最近、出版社の編集部や営業部門の間で、ある小説をめぐってこんな言葉が盛んに飛び交っている。出版関係者が注目しているのは、全国チェーンの大手書店が運営する書籍販売に関するオンラインサービスだ。
このサービスでは、全国の店舗での売り上げ状況、購買者の年齢層、男女の内訳などが詳細に知らされる。編集者は自身が手がけた著作の売り上げ動向をチェックし、営業や販売担当者は、自社作品はもちろんのこと、他社の売れ筋商品を分析する。出版関係社にとっては、なくてはならない重要なツールなのだ。
冒頭の言葉は、最近発売されたある小説に関するもの。もちろんその中身は、筆者のようなヒヨっ子作家が足元にも及ばない優れたものなのだが、「売れ行き動向が不自然」(某中堅出版社営業担当)なのだという。

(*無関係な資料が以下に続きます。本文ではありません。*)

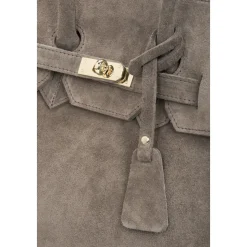 Velour Tote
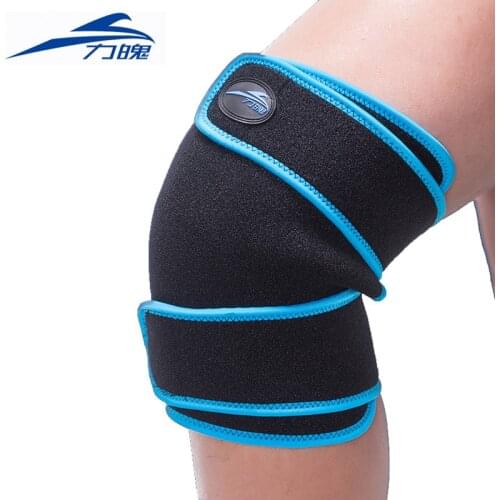 Tourmaline Self-heating Magnetic Therapy Knee Pads Kneepad Knee Support Brace Protector Sleeve Patella Guard Posture Corrector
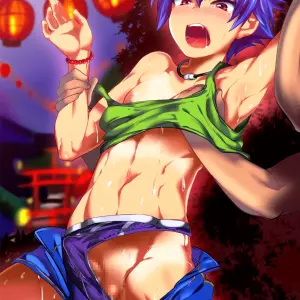 Natsu Matsuri (Mine Mura) - Página 2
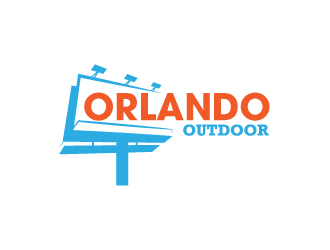 Orlando Outdoor logo design by jaize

最近は、村上春樹氏の『1Q84』のような大ベストセラーがあり、1つの店舗で1つの作品が100冊単位で売れることは十分にあり得る話。
だが、件の作品については「売れているのは確かだが、『1Q84』並みの爆発的なヒット作ではない」(別の営業担当者)という。『1Q84』のような怪物級のヒット作のほかは、宗教系やビジネス書のヒット作で、1店舗当たり100冊単位の売り上げを記録することはあるようだが、小説では極めて異例なのだとか。
出版不況の度合いが一段と強まる昨今、この大手書店のオンラインサービスを通じて得られるデータでは「月に100冊売れればそこそこのヒット作」(同)とされる。しかし、話題を集める作品については、先に触れたように毎日大量の購買実績が出ているので業界筋の話題を集めている、という構図なのだ。
そこで関係者の間でささやかれているのが、この作品を手がけた著者やその関係者が自ら大量購入しているのでは、という観測なのだ。自らの手で買うので、“手買い”というわけだ。